Bank of America Merrill Lynch believes that if Trump takes office and implements fiscal expansion, the Fed may raise its neutral interest rate expectations. In addition, if the new president significantly imposes tariffs, the Fed may pause rate cuts due to concerns about inflation and economic growth impact.
The prospect of Trump returning to the White House is gradually becoming clear, and the future interest rate path in the USA may face changes.
According to the latest research report released by Bank of America Merrill Lynch, the outcome of the US presidential election may have a much greater impact on the future policy path of the USA Federal Reserve than the remarks of Federal Reserve Chairman Jerome Powell at the monetary policy news conference.
On Tuesday local time, analysts Aditya Bhave and Shruti Mishra of Bank of America Merrill Lynch released a report pointing out that although the market generally focuses on Powell's statements on economic outlook and monetary policy, the new president's adjustment to fiscal policy will directly impact the Federal Reserve's decisions.
The two analysts wrote in the report:
In our view, the impact of the election on the Federal Reserve's policy path will be much deeper than any remarks Chairman Powell made at the press conference.
The report further explains that if Trump takes office and implements fiscal expansion, the Federal Reserve may raise its neutral rate expectations. In addition, if the new president significantly imposes tariffs, the Federal Reserve may pause rate cuts due to considerations of inflation and economic growth impact.
The US presidential election has just ended. According to the latest report from CCTV News, based on calculations released by The Hill, Fox News, and other US media outlets, US Republican Presidential candidate Trump is expected to win more than half of the electoral votes and is predicted to secure victory in this US presidential election.
It is almost certain that there will be an interest rate cut in November, paying attention to Powell's statements on the elections.

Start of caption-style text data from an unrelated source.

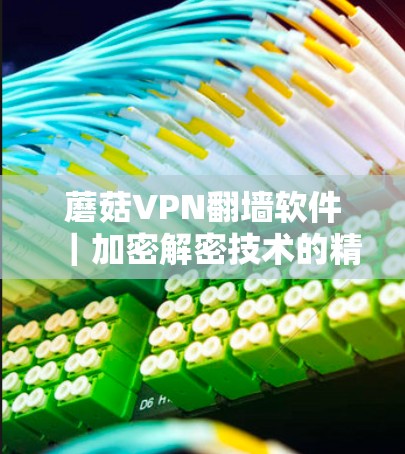 蘑菇VPN翻墙软件｜加密解密技术的精彩展示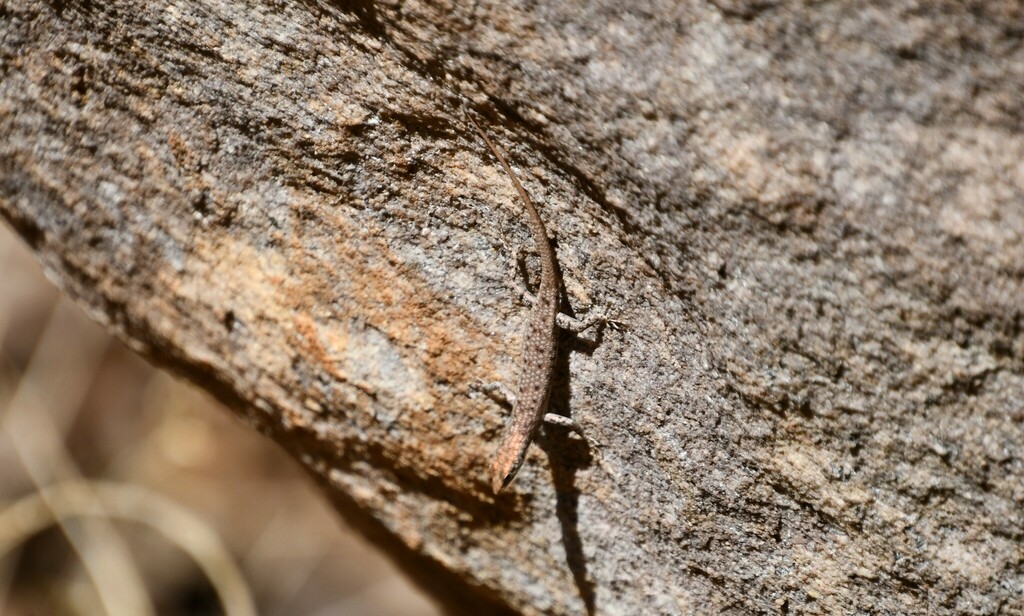 Blotched Shinning-Skink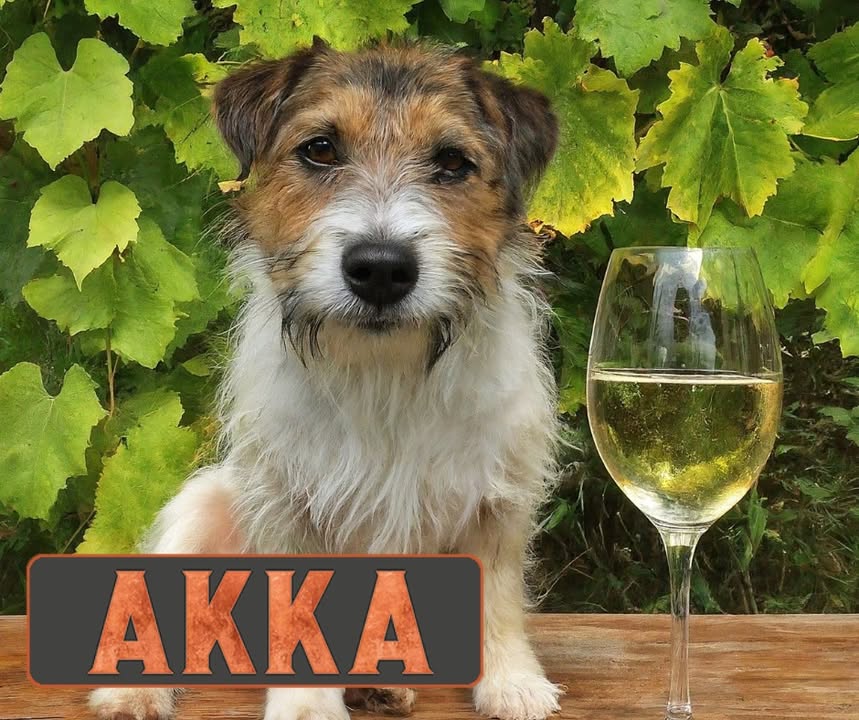 Dem Chef der AKKA schmeckt nicht nur Bierchen!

The next interest rate decision of the Federal Reserve will be announced in the early hours of November 8 Beijing time. The market unanimously expects the Fed to cut interest rates by 25 basis points, lowering the federal funds rate to the range of 4.5%-4.75%.
Bank of America Merrill Lynch pointed out that the weak October non-farm payrolls report is sufficient to prompt the Fed to cut rates by 25 basis points in November, followed by another 25 basis points cut in December.
The Bank of America Merrill Lynch report mentions that although Powell may emphasize the stability of the economy and the return of inflation targets at this meeting, the market should pay more attention to the impact of election results on fiscal policy. Bank of America Merrill Lynch believes that changes in fiscal policy will directly affect the Fed's monetary policy, especially in the current economic environment.
During the post-meeting press conference, Powell may be asked about election issues, but Bank of America Merrill Lynch expects him to emphasize the Fed's commitment to its responsibilities, react to upcoming data, rather than comment on the policy agenda of the next administration.
This indicates that despite the significant impact of election results on Fed policy, the Fed will still maintain its independence, refraining from direct comments on political agendas.
If tariffs are significantly increased, the Federal Reserve will be even more cautious.
The report also mentioned the impact of tariff policy uncertainty on Federal Reserve policy.
Bank of America Merrill Lynch pointed out that the Federal Reserve's reaction to tariffs is difficult to determine, as they may overlook the impact of tariffs on inflation, consider it as temporary price fluctuations, and focus on negative growth consequences.
However, considering the Federal Reserve's misjudgment of the impact of supply shocks in 2021, believing its impact on inflation is "transient", therefore, facing significant tariff hikes by the government, the Federal Reserve may be more cautious and consider pausing the interest rate reduction cycle.
Coincidentally, JPMorgan also warned earlier that if Trump wins on Wednesday, the Federal Reserve may pause the easing cycle as early as December, with the bank expecting a 25 basis point rate cut in November.